● PROBLEM DESCRIPTION
Transcribe the following entries word for word. End with the line where "Feigenkaktus - Opuntia" appears.

(Beginning of SUPPLIED RECORDS)

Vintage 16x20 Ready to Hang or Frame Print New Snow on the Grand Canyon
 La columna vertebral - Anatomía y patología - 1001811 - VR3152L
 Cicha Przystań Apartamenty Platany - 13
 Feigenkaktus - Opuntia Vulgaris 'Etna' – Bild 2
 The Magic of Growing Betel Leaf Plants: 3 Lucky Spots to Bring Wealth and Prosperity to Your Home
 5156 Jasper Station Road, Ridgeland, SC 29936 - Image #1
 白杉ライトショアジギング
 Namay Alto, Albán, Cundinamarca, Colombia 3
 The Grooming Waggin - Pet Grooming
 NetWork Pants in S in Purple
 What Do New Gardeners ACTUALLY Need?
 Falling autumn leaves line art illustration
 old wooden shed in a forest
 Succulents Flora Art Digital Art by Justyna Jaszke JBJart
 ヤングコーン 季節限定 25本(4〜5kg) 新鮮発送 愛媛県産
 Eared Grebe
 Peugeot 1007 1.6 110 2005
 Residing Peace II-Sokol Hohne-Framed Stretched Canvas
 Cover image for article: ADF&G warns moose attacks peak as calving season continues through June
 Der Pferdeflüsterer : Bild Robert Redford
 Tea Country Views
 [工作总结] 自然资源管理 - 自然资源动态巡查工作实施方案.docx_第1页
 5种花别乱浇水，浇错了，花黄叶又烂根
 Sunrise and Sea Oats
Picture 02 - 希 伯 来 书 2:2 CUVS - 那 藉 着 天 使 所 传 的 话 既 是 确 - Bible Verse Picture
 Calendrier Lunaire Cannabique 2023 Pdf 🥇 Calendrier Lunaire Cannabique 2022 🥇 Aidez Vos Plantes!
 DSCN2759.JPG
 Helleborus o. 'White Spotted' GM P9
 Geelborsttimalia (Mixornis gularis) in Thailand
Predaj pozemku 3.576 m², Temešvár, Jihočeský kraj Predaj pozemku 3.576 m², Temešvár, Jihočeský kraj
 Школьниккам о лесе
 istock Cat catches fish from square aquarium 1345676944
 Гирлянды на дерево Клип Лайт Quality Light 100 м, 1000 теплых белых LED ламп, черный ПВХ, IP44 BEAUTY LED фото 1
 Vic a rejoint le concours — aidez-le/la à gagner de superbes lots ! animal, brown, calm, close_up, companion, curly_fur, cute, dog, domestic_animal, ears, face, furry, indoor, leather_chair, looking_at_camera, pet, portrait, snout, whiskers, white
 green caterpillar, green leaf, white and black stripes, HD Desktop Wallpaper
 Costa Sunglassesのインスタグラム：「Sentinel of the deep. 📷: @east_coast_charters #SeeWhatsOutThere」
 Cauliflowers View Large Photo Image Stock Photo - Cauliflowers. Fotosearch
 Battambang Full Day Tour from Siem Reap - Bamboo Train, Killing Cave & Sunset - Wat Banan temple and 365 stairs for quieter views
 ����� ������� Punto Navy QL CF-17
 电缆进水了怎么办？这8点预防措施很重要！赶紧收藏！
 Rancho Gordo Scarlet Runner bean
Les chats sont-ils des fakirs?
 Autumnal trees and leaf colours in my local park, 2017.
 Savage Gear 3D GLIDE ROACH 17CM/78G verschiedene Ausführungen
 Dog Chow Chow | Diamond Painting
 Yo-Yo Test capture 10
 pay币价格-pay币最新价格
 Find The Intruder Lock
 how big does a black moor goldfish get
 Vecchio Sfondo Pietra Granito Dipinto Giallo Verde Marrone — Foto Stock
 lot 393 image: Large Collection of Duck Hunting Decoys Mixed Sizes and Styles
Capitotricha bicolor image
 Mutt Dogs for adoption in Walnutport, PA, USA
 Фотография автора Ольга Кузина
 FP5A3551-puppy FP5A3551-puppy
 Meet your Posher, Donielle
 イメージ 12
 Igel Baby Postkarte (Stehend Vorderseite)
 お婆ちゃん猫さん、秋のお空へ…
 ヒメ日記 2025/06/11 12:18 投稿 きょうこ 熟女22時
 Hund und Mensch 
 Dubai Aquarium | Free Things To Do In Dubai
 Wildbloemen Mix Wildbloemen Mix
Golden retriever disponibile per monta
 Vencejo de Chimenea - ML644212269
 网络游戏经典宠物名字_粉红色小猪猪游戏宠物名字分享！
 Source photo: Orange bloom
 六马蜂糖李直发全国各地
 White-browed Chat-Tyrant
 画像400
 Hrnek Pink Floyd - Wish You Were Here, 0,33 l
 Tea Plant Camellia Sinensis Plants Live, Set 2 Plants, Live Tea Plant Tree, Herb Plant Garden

(End of SUPPLIED RECORDS)

● YOUR SOLUTION
Vintage 16x20 Ready to Hang or Frame Print New Snow on the Grand Canyon
 La columna vertebral - Anatomía y patología - 1001811 - VR3152L
 Cicha Przystań Apartamenty Platany - 13
 Feigenkaktus - Opuntia Vulgaris 'Etna' – Bild 2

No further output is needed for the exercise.